Cadbury Malaysia is a division that sells only in Malaysia. Mondelez's Malaysia sales are a small fraction of the around 15% of its revenues that come from the Asia-Pacific region. The bigger problem is if the calls for boycotts spread to Muslim markets where the company does more business, including Indonesia and the Middle East.
Chocolate as a category provides 27% of Mondelez's sales. Most of those sales however were in Europe, which accounted for 15.3% of the total. Still Asia-Pacific chocolate sales accounted for 4.6% of the company's overall $35 plus billion in 2013 revenue.
The parent company also has significant physical assets in the Asia-Pacific region with 32 factories and 70 distribution facilities located there. There is a real risk in not only losing sales in the region but having assets and fixed costs that become unnecessary due to sales drops.
"First of all they need to get their leadership together.... Then they have to face the public," Martin Roll, a partner in business brand strategy firm Martin Roll Company, told the BBC. "You're simply going to communicate.... If you do that very well and you really keep it up there is a possibility that you will come pretty well through the crisis."

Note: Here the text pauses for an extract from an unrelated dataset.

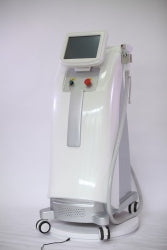 Niansheng 808nm Diode Laser 755 808 1064 Diode Laser Hair Removal Machine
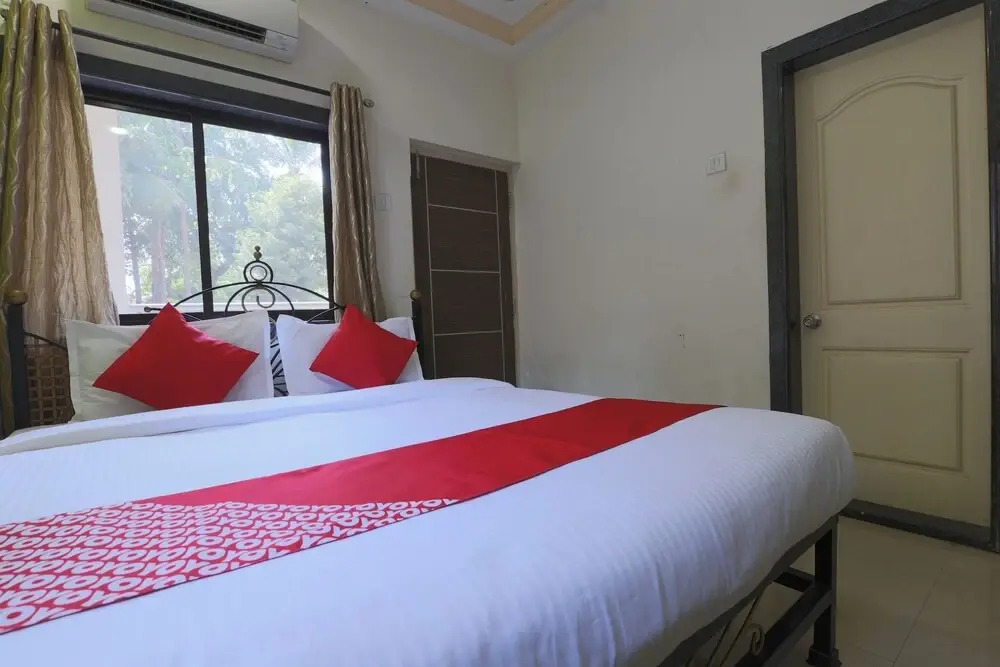 OYO 39535 Pearl Lodging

In the immediate fallout from the news, more than 20 Malaysian-Muslim groups called for a nationwide boycott on all Cadbury products.
At a news conference, the groups said that Cadbury had "crossed the line" by selling its porcine-tainted chocolates, and that swift action was needed, Malay Mail Online reported.
"They have betrayed us Muslims by putting haram elements through the foods we consume in our body, to weaken us Muslims," said Abu Bakar Yahya, the head of Perkasa Selangor, one of the protesting groups.
Cadbury clearly has to aggressively get in front of the issue and humbly accept responsibility. If it does not the company risks becoming involved in a war it never intended.
What happens next?
It seems fairly unlikely that Cadbury intentionally added pig DNA to its chocolate bars in order to somehow undermine the Muslim faith. But that fact is not the issue. It's the perception that the company intentionally did something at odds with the religious beliefs in a region where it does a decent amount of business.
And much like in the United States where various special interests have no qualms hijacking an unrelated issue for their own purposes, the same could happen here. To prevent that Cadbury needs to identify what went wrong, apologize, and make sure it never happens again.
Cadbury can make this go away by being transparent and being inclusive in its process going forward. Conduct the tests as planned then introduce strict new procedures. The company should also invite Muslim leaders to contribute to creating procedures that make sure this type of contamination never happens again.
If the company handles this badly it could mean the end of Cadbury in the Muslim world. That seems unlikely though as the company has been quick to respond and appears likely to handle things the right way.